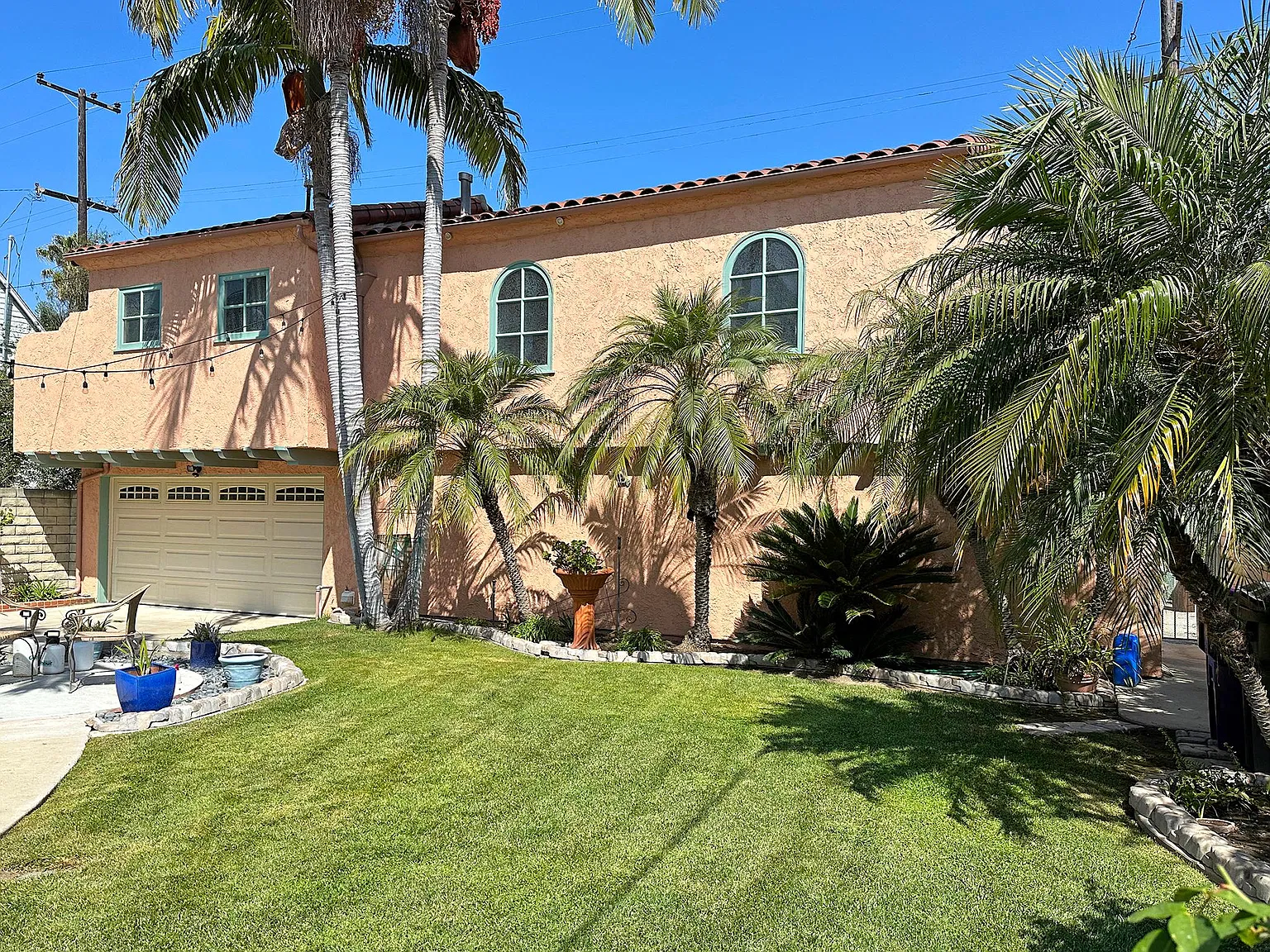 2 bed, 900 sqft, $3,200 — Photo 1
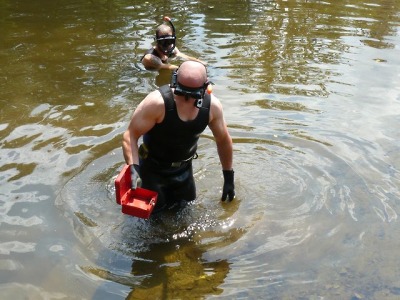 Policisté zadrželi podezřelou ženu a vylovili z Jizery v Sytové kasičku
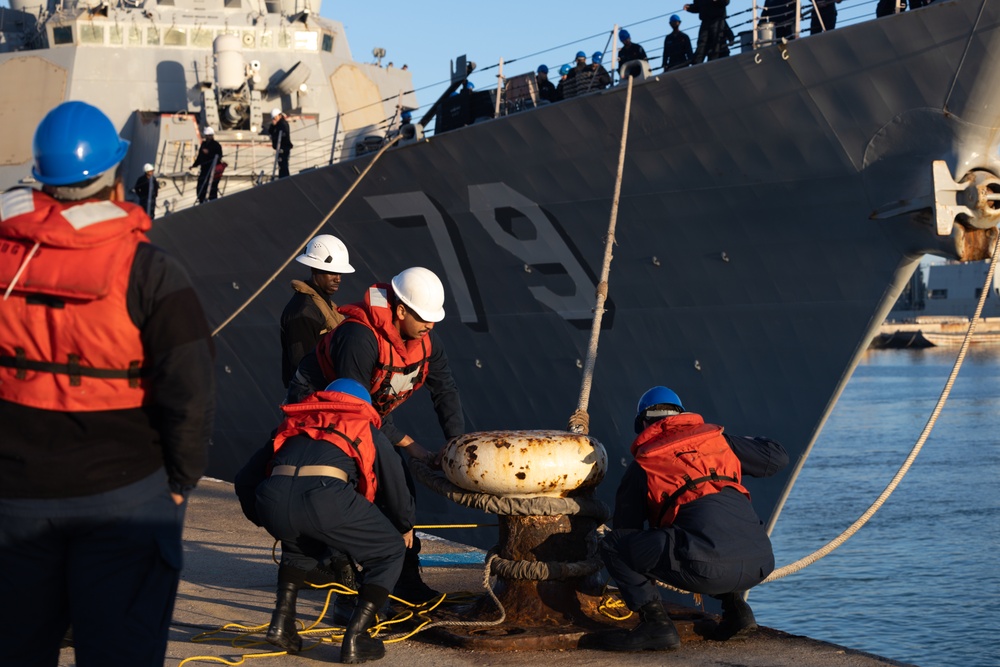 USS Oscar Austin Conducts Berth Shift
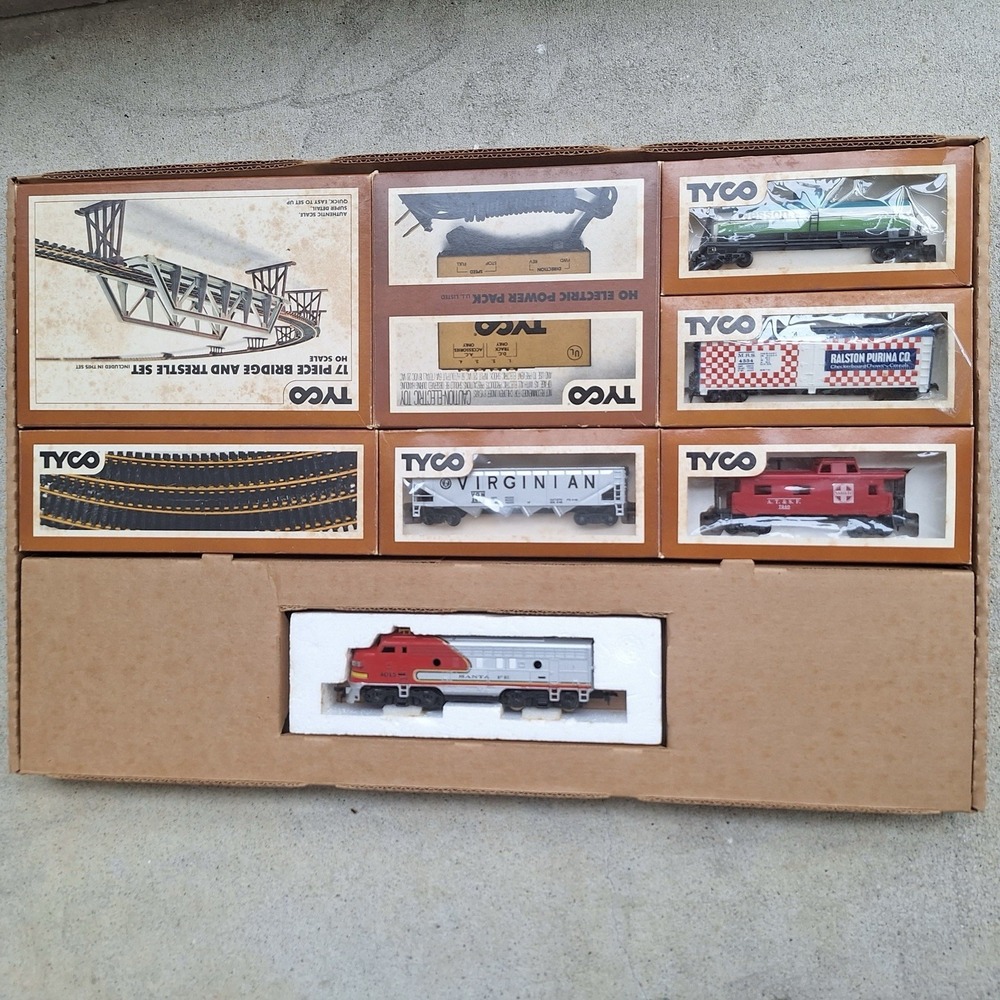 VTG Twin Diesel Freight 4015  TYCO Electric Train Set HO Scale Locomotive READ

**Required action**: Give again, word for word, only the lines from the line containing "USS Oscar Austin Conducts Berth Shift" through the last line above, both included; leave the pictures out.

**Response to this task**:
 USS Oscar Austin Conducts Berth Shift
 VTG Twin Diesel Freight 4015  TYCO Electric Train Set HO Scale Locomotive READ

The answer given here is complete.